→ Your assignment: Starting at the line holding "Fotballsko Adidas Str 32" and finishing at the line holding "Tradiční řecké menu", transcribe the material exactly, keeping both ends but no pictures.

→ Entries provided:
══════════════════════════════

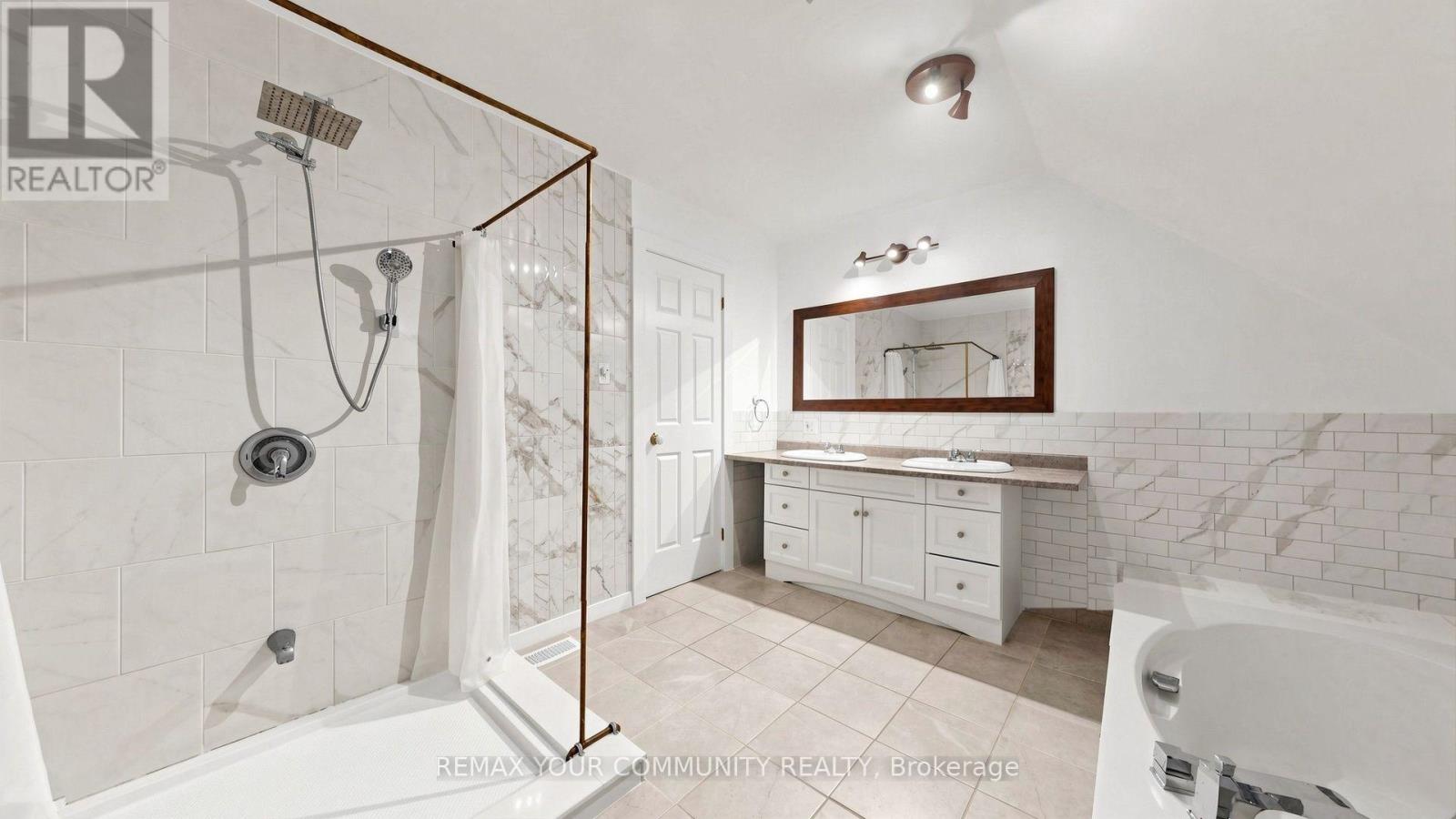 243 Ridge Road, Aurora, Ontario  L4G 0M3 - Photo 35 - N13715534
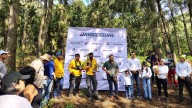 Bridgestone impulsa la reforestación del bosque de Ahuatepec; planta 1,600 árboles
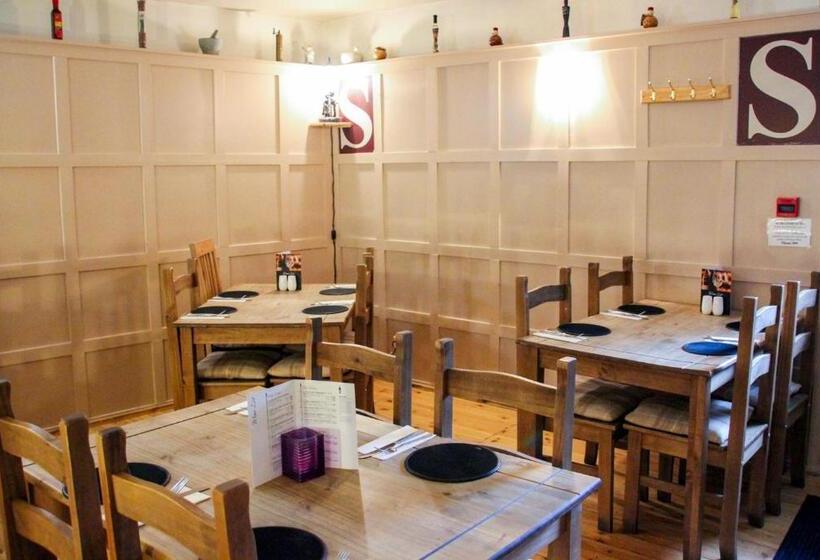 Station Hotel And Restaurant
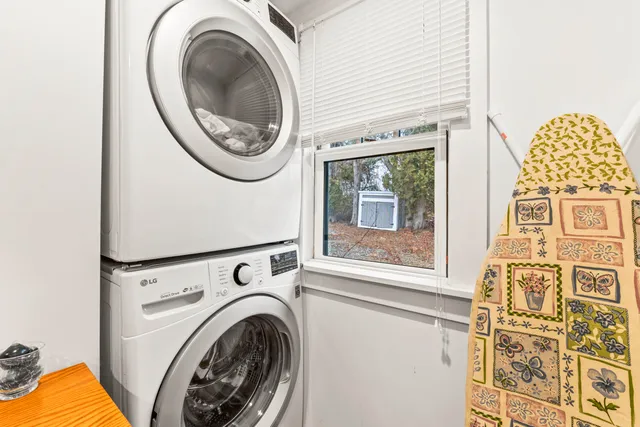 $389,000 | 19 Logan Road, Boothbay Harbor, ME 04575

══════════════════════════════

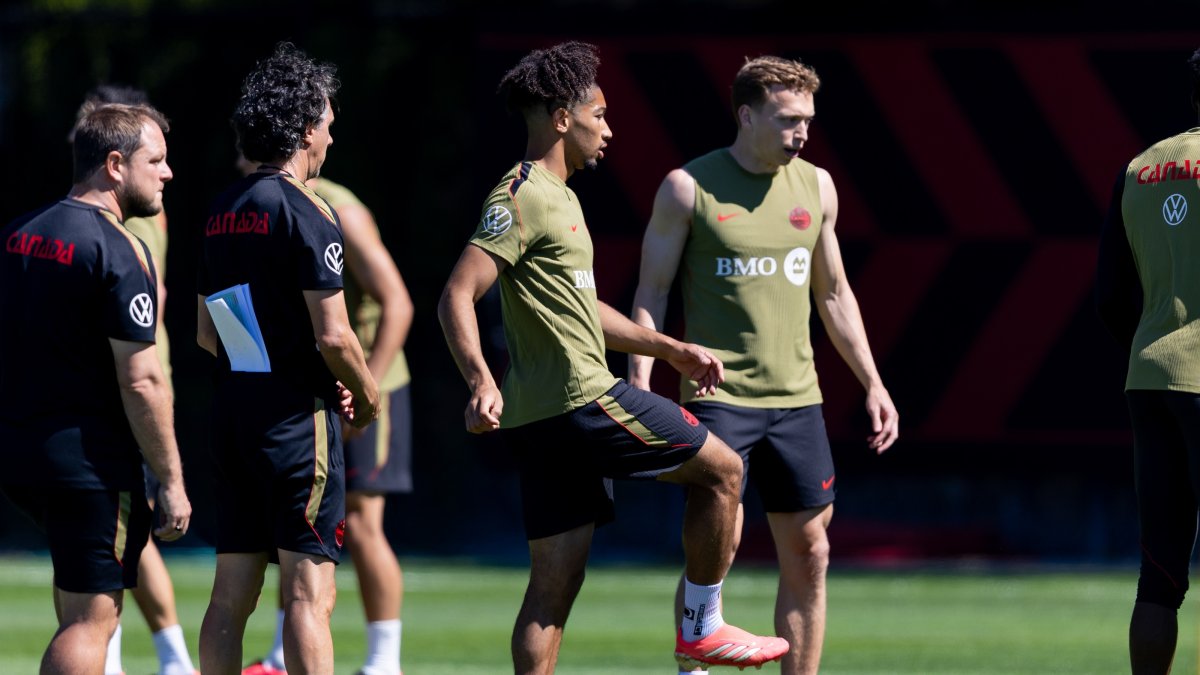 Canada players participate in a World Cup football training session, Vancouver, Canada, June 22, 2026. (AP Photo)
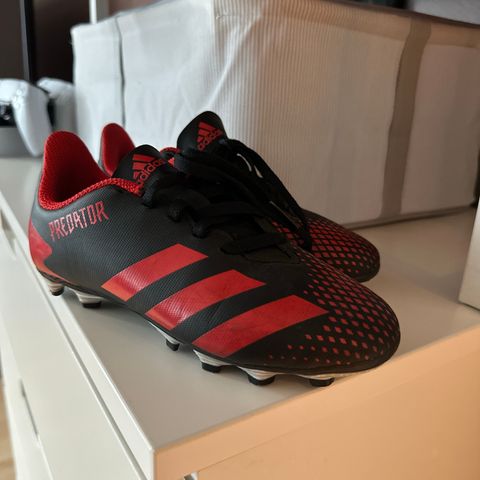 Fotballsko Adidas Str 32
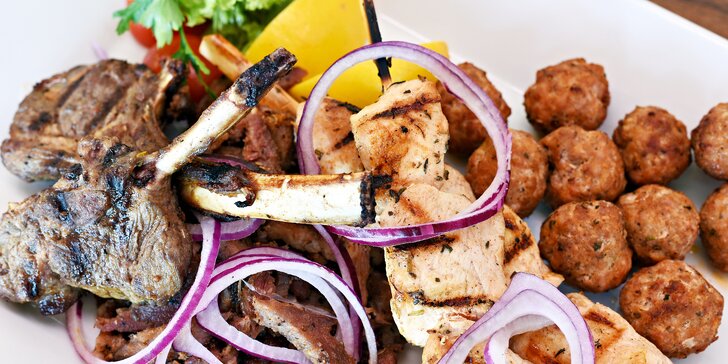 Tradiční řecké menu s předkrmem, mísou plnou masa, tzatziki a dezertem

══════════════════════════════

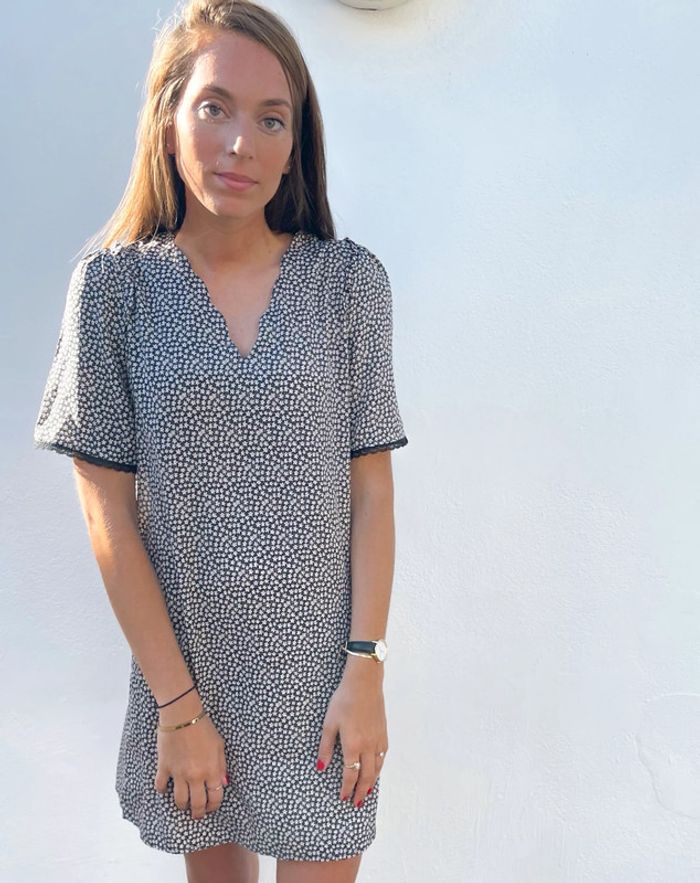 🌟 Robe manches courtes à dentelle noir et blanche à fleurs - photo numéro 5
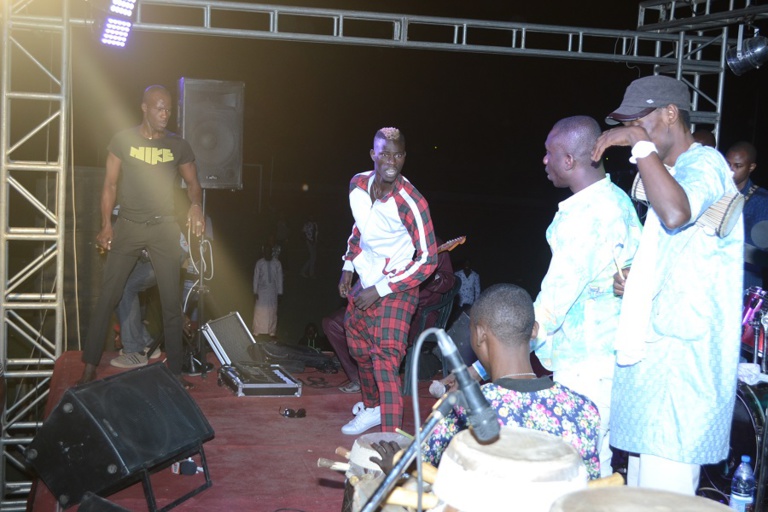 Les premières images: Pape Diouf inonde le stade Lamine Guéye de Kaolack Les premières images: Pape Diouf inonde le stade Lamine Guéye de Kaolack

══════════════════════════════

→ Expected answer:
 Fotballsko Adidas Str 32
 Tradiční řecké menu s předkrmem, mísou plnou masa, tzatziki a dezertem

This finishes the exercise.